Shoeless Joe Biden and the Snowbilly Hockey Mom
A cringe-inducing night of veep populism
So the media narrative has shifted. Last night's debate wasn't the colossal disaster for Alaska Gov. Sarah Palin that many pundits had predicted and many Republicans feared. As the McCain campaign privately acknowledged, her confused, cringe-inducing performance with Katie Couric opened a deep wound, but after a 90-minute blitzkrieg of aw-shucks folksiness, the well-scripted cauterization began. It is, however, a stretch to conclude that she recovered in any appreciable way—she advanced the line slightly, but this was no Battle of the Bulge breakout.
Like most pundits, Roger Simon, chief political columnist for The Politico, set a low bar for success, offering Palin back-handed praise: "She smiled. She faced the camera. She was warm. She was human. Gosh and golly, she even dropped a bunch of g's." And, like a chipper Waffle House waitress, she winked at us (repeatedly), called us "hon," refilled our coffee, and straight-talked about issues she didn't entirely understand.
You know, I want to like Palin, if just to irritate those who feign apoplexy at the very mention of her name. But it seems clear that, like most hockey moms, she has proven an extremely weak extemporaneous debater, frequently consulting her index cards and resorting to platitudes when substance proved elusive. In the American political milieu, this isn't necessarily a handicap, provided you have been sufficiently media-trained or spent five days in debate boot camp with Randy Scheunemann. But who doubts that in a Prime Minister's Questions-type format—an import that Sen. McCain has long advocated—Palin would be cut to ribbons?
With media attention directed at Palin's pronunciation of "nu-cu-ler" and her failure to address a number of moderator Gwen Ifill's questions head-on, it's easy to see how this debate could work heavily in favor of Sen. Joe Biden's (D-Del.). But it wasn't his "more substantive" answers that tipped the balance—his responses were frequently vapid, evasive, and confused. It's the fact that, post-Couric, hardly anyone was concerned with the substance of such arguments. What mattered was the style with which they were presented. Biden was Biden. It was Palin the underdog rookie we should all be interested in.
The Atlantic's Clive Crook makes the rather straightforward argument that Biden was on a short leash, tempering his responses, refusing to go for the jugular, and was instead studiously self-effacing, chuckling at some of Palin's more pointed digs. As Crook argues, this was probably a winning strategy. But this line of argument, along with the obsessive focus on "freeing" Palin from constraints imposed by the campaign, also has the added benefit of turning the focus away from many of Biden's clunky answers.

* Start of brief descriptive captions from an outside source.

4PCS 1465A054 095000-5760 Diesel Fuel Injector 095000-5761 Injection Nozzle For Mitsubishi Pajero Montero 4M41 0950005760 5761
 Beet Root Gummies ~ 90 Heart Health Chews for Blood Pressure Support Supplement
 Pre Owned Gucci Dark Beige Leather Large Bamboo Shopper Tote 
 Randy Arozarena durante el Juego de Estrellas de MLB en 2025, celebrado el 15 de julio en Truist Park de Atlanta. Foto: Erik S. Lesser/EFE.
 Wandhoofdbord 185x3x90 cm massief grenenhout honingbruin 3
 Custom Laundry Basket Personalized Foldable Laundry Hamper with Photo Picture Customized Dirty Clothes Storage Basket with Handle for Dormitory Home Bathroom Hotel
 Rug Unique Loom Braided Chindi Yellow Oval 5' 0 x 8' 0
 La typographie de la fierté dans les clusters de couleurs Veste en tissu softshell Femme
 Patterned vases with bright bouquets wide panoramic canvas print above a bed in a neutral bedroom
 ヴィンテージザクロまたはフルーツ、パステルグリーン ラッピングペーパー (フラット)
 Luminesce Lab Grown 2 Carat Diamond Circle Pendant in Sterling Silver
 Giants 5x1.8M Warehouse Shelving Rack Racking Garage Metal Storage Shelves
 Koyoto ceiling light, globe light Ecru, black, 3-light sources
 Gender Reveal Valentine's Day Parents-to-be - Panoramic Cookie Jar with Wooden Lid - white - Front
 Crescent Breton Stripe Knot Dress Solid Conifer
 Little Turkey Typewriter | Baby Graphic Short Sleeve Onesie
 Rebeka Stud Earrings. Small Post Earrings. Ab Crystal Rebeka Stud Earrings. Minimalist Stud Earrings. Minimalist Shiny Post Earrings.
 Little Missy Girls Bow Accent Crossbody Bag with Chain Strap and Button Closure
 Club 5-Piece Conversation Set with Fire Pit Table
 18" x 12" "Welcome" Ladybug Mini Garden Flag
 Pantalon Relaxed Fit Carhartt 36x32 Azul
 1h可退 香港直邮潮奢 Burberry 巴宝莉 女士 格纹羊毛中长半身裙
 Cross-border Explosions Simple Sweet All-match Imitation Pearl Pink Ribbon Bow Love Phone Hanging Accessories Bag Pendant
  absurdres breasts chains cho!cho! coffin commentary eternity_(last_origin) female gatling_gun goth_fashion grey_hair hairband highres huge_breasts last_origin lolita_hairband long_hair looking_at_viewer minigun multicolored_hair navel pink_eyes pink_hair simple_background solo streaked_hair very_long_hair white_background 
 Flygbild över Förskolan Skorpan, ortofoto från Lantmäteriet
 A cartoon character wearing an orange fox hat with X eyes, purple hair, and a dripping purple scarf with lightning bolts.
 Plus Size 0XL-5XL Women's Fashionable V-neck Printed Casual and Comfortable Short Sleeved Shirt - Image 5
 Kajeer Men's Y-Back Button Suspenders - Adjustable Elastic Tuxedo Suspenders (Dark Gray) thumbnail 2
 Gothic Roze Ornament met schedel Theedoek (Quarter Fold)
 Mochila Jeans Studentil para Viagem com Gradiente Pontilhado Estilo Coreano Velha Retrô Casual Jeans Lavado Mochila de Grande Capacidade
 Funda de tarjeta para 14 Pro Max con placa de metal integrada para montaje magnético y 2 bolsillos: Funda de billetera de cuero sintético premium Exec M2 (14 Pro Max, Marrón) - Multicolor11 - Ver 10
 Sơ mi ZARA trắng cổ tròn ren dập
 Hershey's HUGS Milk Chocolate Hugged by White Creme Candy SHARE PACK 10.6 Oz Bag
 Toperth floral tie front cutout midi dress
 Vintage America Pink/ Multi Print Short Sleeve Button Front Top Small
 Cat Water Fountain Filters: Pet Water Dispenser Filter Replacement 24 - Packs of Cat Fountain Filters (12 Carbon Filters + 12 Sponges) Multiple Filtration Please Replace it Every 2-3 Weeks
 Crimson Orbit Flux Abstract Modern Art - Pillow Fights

For instance, attempting to stanch the surge-as-success narrative, Biden argued that "our commanding general in Afghanistan said the surge principle in Iraq will not work in Afghanistan," despite Obama's previous calls for a surge of troops into that country to fight al Qaeda. (Unsurprisingly, Biden did pirouettes around his vote authorizing the president to wage the Iraq War.) The pie-in-the-sky Biden plan, he said, would include building schools on the Pakistan border and "establishing" a stable government in Islamabad.
Palin, it was noted repeatedly today, mistook the Civil War general who lead the Army of the Potomac, George McClellan, for the general in charge of NATO forces in Afghanistan, David McKiernan. But it will only be specialists that pay attention to Biden's bizarre—and more damaging—claim that the United States and France "kicked Hezbollah out of Lebanon," only to see the group return and join the government. Even if he meant Syria, which is the most charitable reading of his argument, this would be at odds with reality, as most any Lebanese citizen who suffered at the hands of Hezbollah could attest.
There is, after all, an easy solution to the situation in Lebanon, said Biden: "I said and Barack said, 'Move NATO forces in there. Fill the vacuum, because if you don't know—if you don't, Hezbollah will control it.'" It is unclear if either Biden or Obama ever actually suggested such a mad scheme—let's hope they didn't—but for those voters seeing the Obama campaign as an alternative to the muscular foreign policy of the past eight years, one wonders if they're alarmed at the thought of potentially employing NATO (!) forces to occupy a powder keg like Lebanon.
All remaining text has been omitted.